A picture-free, exact reproduction of the listing that follows is required.

Segment Start: GIVEN MATERIAL

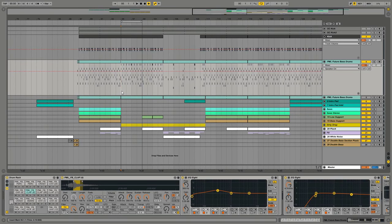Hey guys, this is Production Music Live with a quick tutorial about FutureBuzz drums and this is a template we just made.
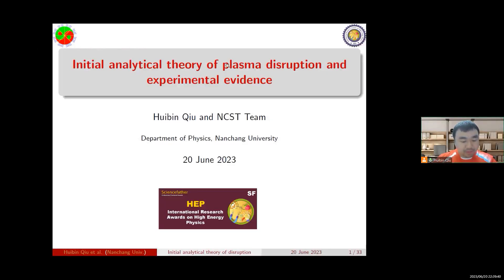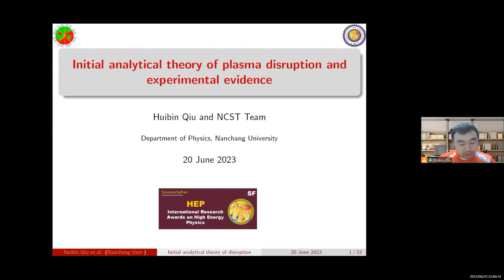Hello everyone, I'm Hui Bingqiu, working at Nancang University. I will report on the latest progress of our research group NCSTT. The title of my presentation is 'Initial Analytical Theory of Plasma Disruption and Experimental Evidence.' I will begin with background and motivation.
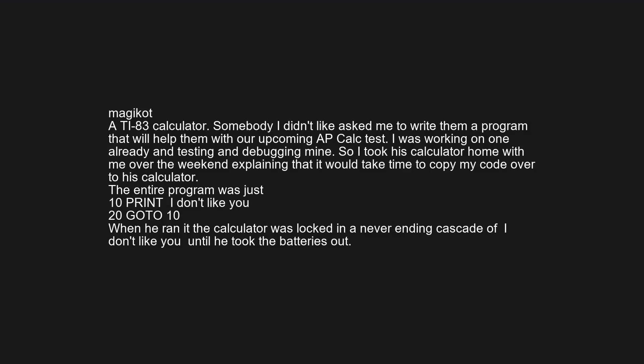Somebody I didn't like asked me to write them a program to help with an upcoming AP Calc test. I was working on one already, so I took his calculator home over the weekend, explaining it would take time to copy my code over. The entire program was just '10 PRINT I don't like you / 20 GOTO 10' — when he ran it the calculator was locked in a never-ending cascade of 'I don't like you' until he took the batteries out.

Segment End: GIVEN MATERIAL

▶ EXPECTED OUTPUT
Hey guys, this is Production Music Live with a quick tutorial about FutureBuzz drums and this is a template we just made.
Hello everyone, I'm Hui Bingqiu, working at Nancang University. I will report on the latest progress of our research group NCSTT. The title of my presentation is 'Initial Analytical Theory of Plasma Disruption and Experimental Evidence.' I will begin with background and motivation.
Somebody I didn't like asked me to write them a program to help with an upcoming AP Calc test. I was working on one already, so I took his calculator home over the weekend, explaining it would take time to copy my code over. The entire program was just '10 PRINT I don't like you / 20 GOTO 10' — when he ran it the calculator was locked in a never-ending cascade of 'I don't like you' until he took the batteries out.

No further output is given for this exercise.